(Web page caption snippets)
· · ·
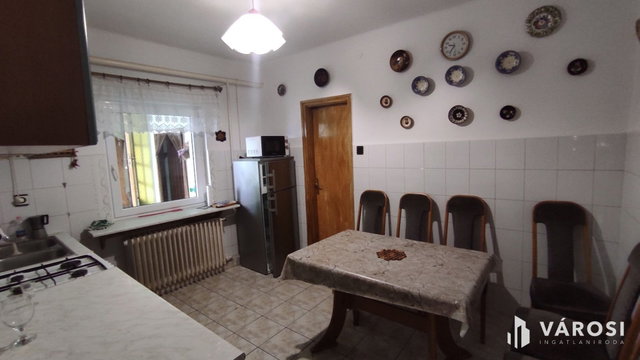 Eladó családi ház, Badacsonytomajon 99 M Ft, 6+3 szobás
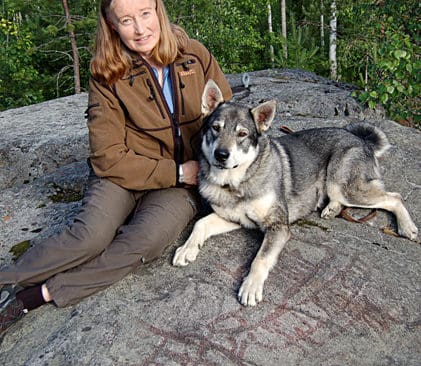 JRF-basen Solveig Larsson p&aring; h&auml;llristningar vid Ume &auml;lv som visar hur viktiga &auml;lgarna var f&ouml;r forntida j&auml;garfolk. H&auml;r finns &auml;ven inre organ p&aring; &auml;lgar inristade.
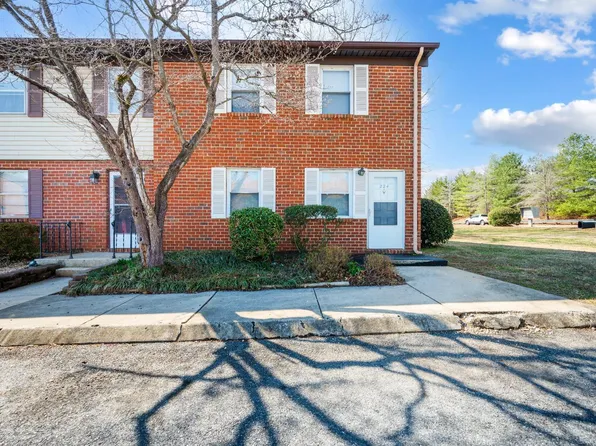 224 Fountain Dr, Lynchburg, VA 24501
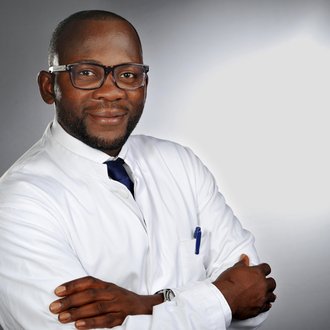 Dr-med-Peter-C-Ambe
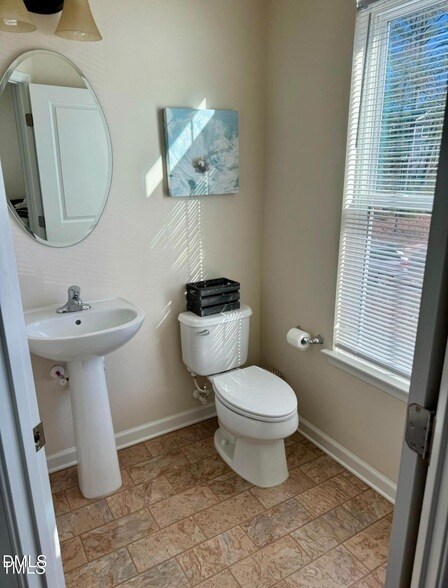 Building Photo - 408 Berry Chase Way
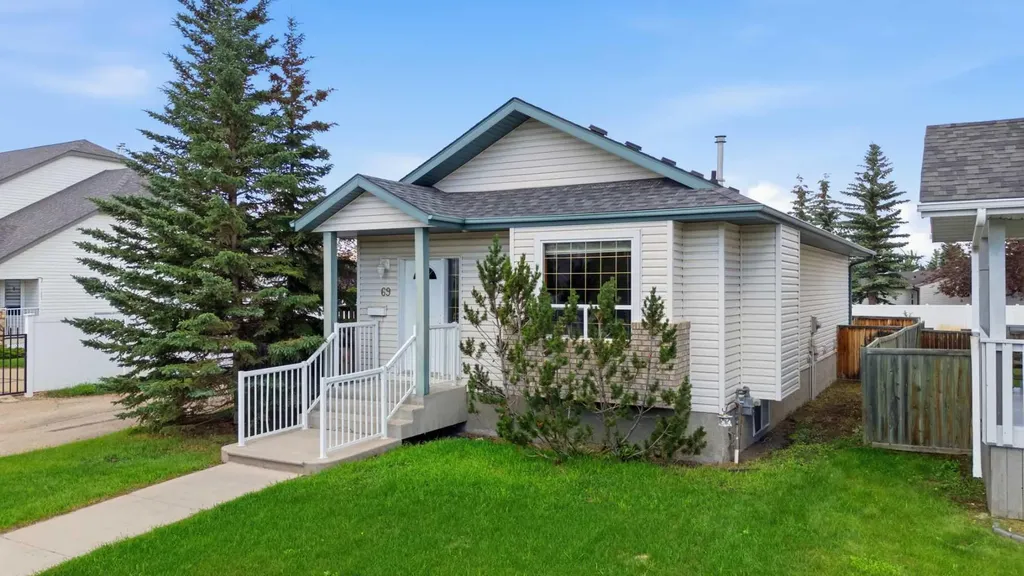 69 Durand Crescent Red Deer AB T4R 3A7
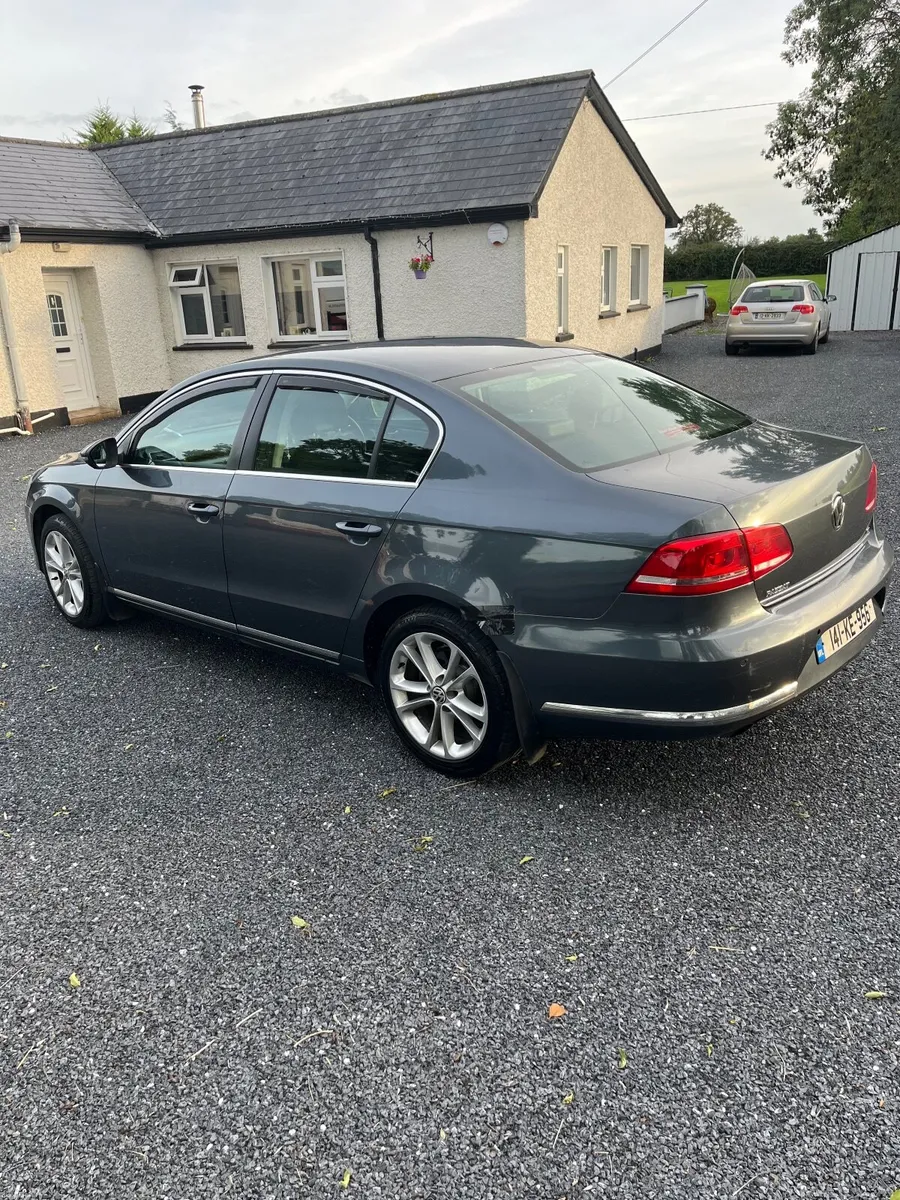 Volkswagen Passat 2014 - Image 5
· · ·
What is required: Output every record verbatim, excluding any picture it contains.

Task answer:
 Eladó családi ház, Badacsonytomajon 99 M Ft, 6+3 szobás
 JRF-basen Solveig Larsson p&aring; h&auml;llristningar vid Ume &auml;lv som visar hur viktiga &auml;lgarna var f&ouml;r forntida j&auml;garfolk. H&auml;r finns &auml;ven inre organ p&aring; &auml;lgar inristade.
 224 Fountain Dr, Lynchburg, VA 24501
 Dr-med-Peter-C-Ambe
 Building Photo - 408 Berry Chase Way
 69 Durand Crescent Red Deer AB T4R 3A7
 Volkswagen Passat 2014 - Image 5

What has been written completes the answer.